Write this number down. Any mobilization, stretching, or treatment interventions are attempts to increase this number. If the number isn’t increased after a month, you’re wasting your time.
A pass for this test is the ability to bring your ASIS (the front of your pelvis) 12″ over your knee.
- Range: > 12″
- Effort: Fast and easy.
- Symptoms: No symptoms. No symptoms includes the feeling of a stretch. Ideally, there would be no stretch.
FAIL – LOW RISK:
A fail is any range between 10″ and 12″.
- Range: 10″ – 12″.
- Effort: Fast and easy.
- Symptoms: You may feel a pull in front of the hip joint or along the upper thigh. This is indicative of psoas or iliacus adhesion.
FAIL – HIGH RISK:
A fail with higher risk of lumbar spine pathologies is less than 10″.
- Range: < 10″.
- Effort: May be slow, labored, or guarded.
- Symptoms: Same as the “fail – low risk”. You may feel a pull in front of the hip joint or along the upper thigh. This is indicative of psoas or iliacus adhesion.
The first movement fault someone will make when testing is to bring the shoulder in front of the hip. Don’t let this happen, keep the shoulder over the hip (imagine the two red dots are aligned vertically).
The second movement fault is for gumby individuals to have what seems like normal hip extension range of motion, but the movement is coming from the low back in the form of hyperextension (too much arch). Prevent this by keeping the ribs locked down to the abdomen and not allowing the ribs to elevate towards the ceiling.
How is the Couch Stretch working for you?
If you’re a CrossFitter, chances are you’ve spent many hours doing the now famous Couch Stretch.

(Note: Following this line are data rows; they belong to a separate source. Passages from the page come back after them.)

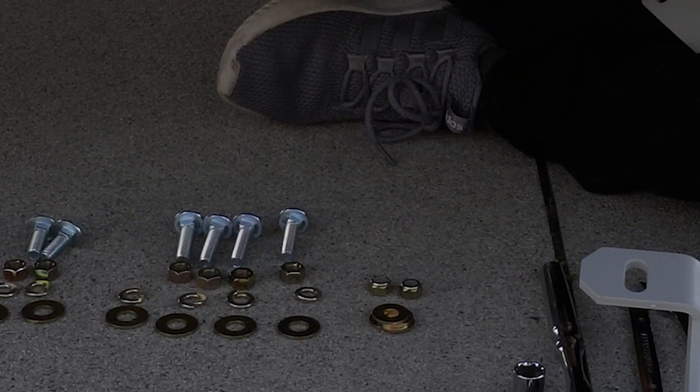I'm going to hold it up with my knees so it doesn't escape from me and run away. I'm going to grab one of these brackets — like I told you guys it comes with two — slide it right over, and we're going to grab one of these carriage bolts. You want to make sure the bolt goes upwards. Now that it's in its upward position, I'm going to grab one of the washers, a lock washer, and then one of the nuts.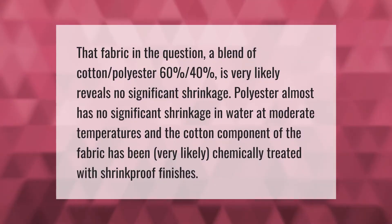That fabric in question — a blend of cotton and polyester, 60/40 — is very likely to reveal no significant shrinkage. Polyester almost has no significant shrinkage in water at moderate temperatures, and the cotton component of the fabric has very likely been chemically treated with shrink-proof finishes.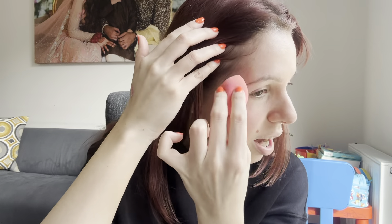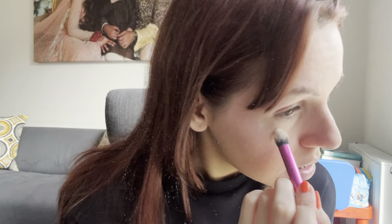First impressions of this foundation — it is very lightweight. Glowy but not too glowy, where it makes you look shiny. Just right. Very buildable — you can go in with another pump over the top and build it to your desire. Absolutely loving that. You can see in the daylight it's very nice. And they have a very wide shade range, so I don't think finding your shade would be an issue. Well done, Revolution.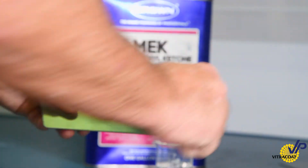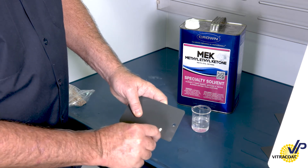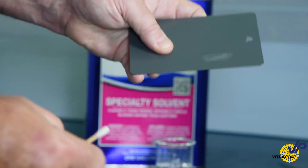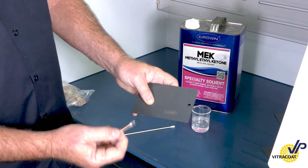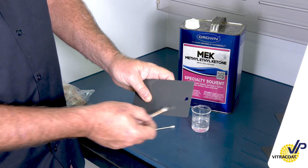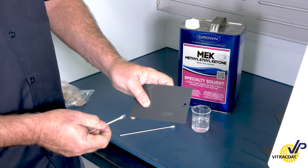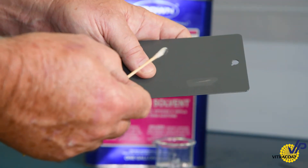Same material and same 25 double rubs. So after just eight double rubs, not only did we get a significant amount of pigment lift, but I was able to get all the way through the coating to the surface — illustrating that this is absolutely not completely cured when compared to a known cure.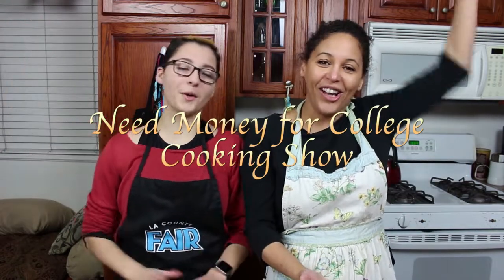Hi! Welcome to the Need Money for College Quickie Show! I'm Michelle. I'm Jazz. And we want you to subscribe. Tell your friends, please subscribe because Jazz has to go to college. I want to go to college but it's really expensive. So please help us get there.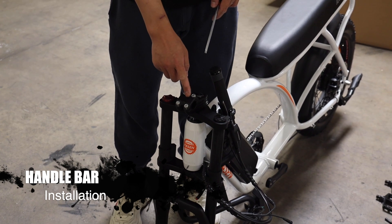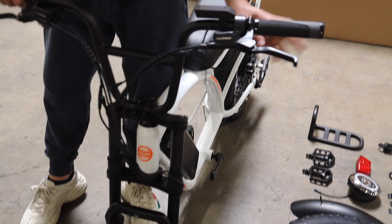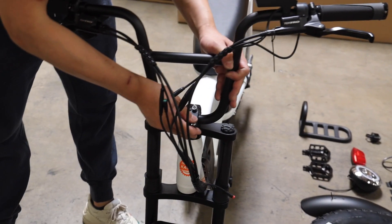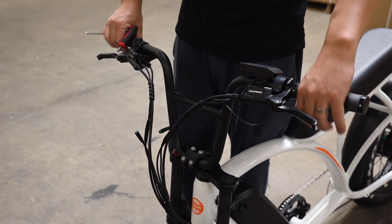Step 1: Handlebar installation. The handlebar will be held in the middle of the stem. So first let's open the stem by loosening all four screws. Put the handlebar in the stem and put back those screws and tighten them up.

The couch stretch is stretching all of the quadriceps muscles (the three vastus muscles and the rectus femoris) and the hip flexors (psoas and iliacus), with emphasis on the rectus femoris muscle.
The biggest problem people have when doing this stretch is if someone’s:
- hip extension (lunge stretch test) is limited by the psoas or iliacus, you can not stretch rectus femoris.
- knee flexion (heel to butt test) is limited by any of the vastus muscles, you can not stretch rectus femoris.
What happen is that people spend weeks, if not months, trying to stretch this tissue without increasing flexibility in the proper tissues and putting load on joints that don’t want it, leading to potential disc and cartilage problems or premature osteoarthritis.
You can test if you should be doing the couch stretch by selectively tensioning knee flexion at the end range of hip extension.
DO: Lift the foot. If the foot comes off the floor with ease and more than a couple of inches, the rectus femoris is not tight.
If the foot doesn’t budge off the ground or there’s enormous tension on the leg, then rectus femoris IS limiting hip extension range of motion and it could be worthwhile to do the couch stretch.
I Know My Numbers – What do I do now?
Insanity: doing the same thing over and over again and expecting different results. ~Albert Einstein
There are a plethora of mobility and stretching resources out in the interweb for you to experiment with. It is not our intention to give prescriptive answers, simply to bring awareness to where your body currently is in time.
Use whatever tools you’d like to use for a month, stretching about ten minutes a day, for three days a week, for a month.
After a month, re-test.
If you’ve gained range of motion, wonderful! Wash, rinse, repeat, and continue stretching.
If you’re no more flexible or mobile than you were before, STOP THE INSANITY AND THE STRETCHING! It’s now time to see a Manual Adhesion Provider or Active Release Technique Provider to diagnose your condition and potentially remove the adhesion in relevant tissue to restore your mobility before you go on layering strength on top of unhealthy tissue.